Review by Frank Plowright
Manuele Fior is always an interesting comic creator, and seemingly a restless one, not to content to be restricted to a pigeonhole. His work skips across styles and genres, settling for a book, then moving on. It’s an approach remaining true to Fior’s creative inspirations, but not designed to connect with to an audience every time. Celestia looks amazing, but proves a difficult and ultimately unfulfilling read. It’s not off to a good start when after eighty pages the back cover synopsis has revealed more about what’s going on than Fior himself.
Those eighty pages introduce us to the abrasive Pierrot, who’s accompanied by young telepath Dora, not always able to control her abilities, leading to embarrassment and discomfort for others. We’ve already seen Pierrot deny knowledge of Dora’s whereabouts when talking to a group of other people, and they first seem a bickering pair, neither seemingly keen to be in the other’s company.
Fior builds an artistically compelling world around them, the maritime island city of Celestia cut off from the mainland by deliberately blowing the connecting bridges a generation before. It seems at least partially designed to resemble Venice, although perhaps that’s just the obvious comparison for any baroque city bisected by waterways. Fior makes Celestia seem both beautiful and dangerous, populated by exotic people, and contrasts it with other locations represented by different architecture, this the modernism of Van der Rohe and Le Corbusier.
Hints are dropped as to the events of the past, but Fior is more interested in the separation of the present, and that’s languidly rolled out with page after page not moving anything forward, nor explaining anything, elusively resting in the moment.
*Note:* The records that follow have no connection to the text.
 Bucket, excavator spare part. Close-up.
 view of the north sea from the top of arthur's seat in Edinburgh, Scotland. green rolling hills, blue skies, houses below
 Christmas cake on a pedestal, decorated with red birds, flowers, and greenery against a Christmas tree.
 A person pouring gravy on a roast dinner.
These long sequences are interrupted every now and then by several pages of info dump that really tell us little. There’s no comfort in the characters either, who’re distanced. Is this meant to be the same Dora Fior used in The Interview? She looks very similar, but here has a very different personality. If so, is this just another of her fantasies?
Because Fior is a patently intelligent writer who references big topics there’s a feeling of his somehow drawing parallels that just fail to fall into place, but that’s not the case. These are metaphors without purpose, fragmentary allusions that come to nothing. That may seem the fate of a bunch of people introduced at the start, briefly seen again for some explanation, then forgotten for 150 pages, but they have a part to play at the end, during which a prophecy related during their first appearance is cleverly given meaning. However, that’s the only item of note in an ending that’s so ordinary for a creator with Fior’s imagination.
Making anything of Celestia beyond pretty pictures requires considerable patience, but better Fior delivering the occasional bump in the road than repeating the same journey.